Однако за писательство пациенты взялись с несомненным жаром. Они бродили по территории клиники с блокнотами и ручками, иногда заходили в “Пункт связи”, и оттуда доносился треск пишущих машинок, но показывать мне свои творения они не спешили. Никто так и не сдал сочинение, и несмотря на то, что я сгорал от желания почитать хоть что-нибудь, я их не торопил.
После катастрофы в лекционном зале я довольно долго не общался с Линсейдом, а в редкие встречи с Алисией старался поскорее закруглить разговор. Беда в том, что наши беседы, как правило, заканчивались слезами. Однажды Алисия пришла ко мне в хижину со свертком одежды, и я обрадовался, сочтя этот визит жестом примирения, – пока не увидел, что это за одежда. То были мои собственные вещи – те самые, из пропавшей дорожной сумки. Недоставало лишь футболки с Че Геварой.
– Где вы это взяли? – неблагодарно спросил я.
– А что такое? Вам не нравится?
– Но это же моя одежда.
– Конечно, ваша. Я только что вам ее дала.
– Она всегда была моей. Где вы ее взяли?
– У нас есть источники.
– А где остальные мои вещи? Книги? Фотографии? Где они?
– Если хотите знать, эту одежду я нашла.
– Нашли?
– Да. В кустах. Наверное, местные мальчишки перебросили через стену.

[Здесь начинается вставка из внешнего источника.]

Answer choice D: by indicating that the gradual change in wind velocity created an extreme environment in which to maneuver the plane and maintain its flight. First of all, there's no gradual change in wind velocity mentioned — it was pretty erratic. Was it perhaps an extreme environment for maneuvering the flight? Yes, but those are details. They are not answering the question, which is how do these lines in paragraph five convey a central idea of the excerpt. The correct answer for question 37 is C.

– И вы решили всучить мне одежду, которую кто-то перебросил через стену?
– Так вам она не нужна?
– Нужна. И много чего еще нужно.
– Грегори, вы ведете себя несколько истерично.
– Ничего подобного.
– Поверьте мне, Грегори, я врач, я понимаю в этом лучше вас.
– Мне казалось, вы не любите ярлыков.
Ее терпение лопнуло.
– Я ухожу, – объявила Алисия. – Мы сможем поговорить об этом позже. Или не сможем.
Вот так протекала моя жизнь в первую неделю. Я ел и спал. Бродил по территории. У меня случались короткие и двусмысленные беседы. Я занимался “ничем”. Днем было еще не так тяжко, но вот вечера тянулись нескончаемо. Алкоголь и травка, конечно, оказались бы кстати, но, увы, они были недоступны; впрочем, я никогда особо не увлекался ими. Временами меня даже пугала собственная правильность. А вот книг или, на худой конец, радио точно не хватало. Они помогли бы мне скоротать время – равно как и телевидение. Но в клинике не было ни телевизора, ни телевизионной комнаты, и вы поймете, насколько иной была та эпоха, если я скажу, что это обстоятельство меня ничуть не удивляло.
Большей частью я сидел у себя в хижине, дурея от скуки, одиночества, безволия и подозрений, что я совершил ужасную и дурацкую ошибку; я ловил ночные звуки, прислушивался к скрипу деревьев, к возне неведомых зверушек, к далекому шуму машин. Я смотрел на здание клиники, где всегда горел свет, находил окно кабинета Линсейда и видел, как он то беспокойно расхаживает по кабинету, то, подскочив к столу, что-то лихорадочно пишет.
А как-то ночью, когда я размышлял о Линсейде и в сотый раз вопрошал себя, как ему удалось заморочить Алисии голову, он вдруг собственной персоной нарисовался в дверях моей хижины. Шагов я не слышал и потому растерялся, прекрасно сознавая, сколь праздным и никчемным сотрудником, наверное, выгляжу в его глазах. Но Линсейд смотрел как-то по-доброму и это окончательно сбило меня с толку.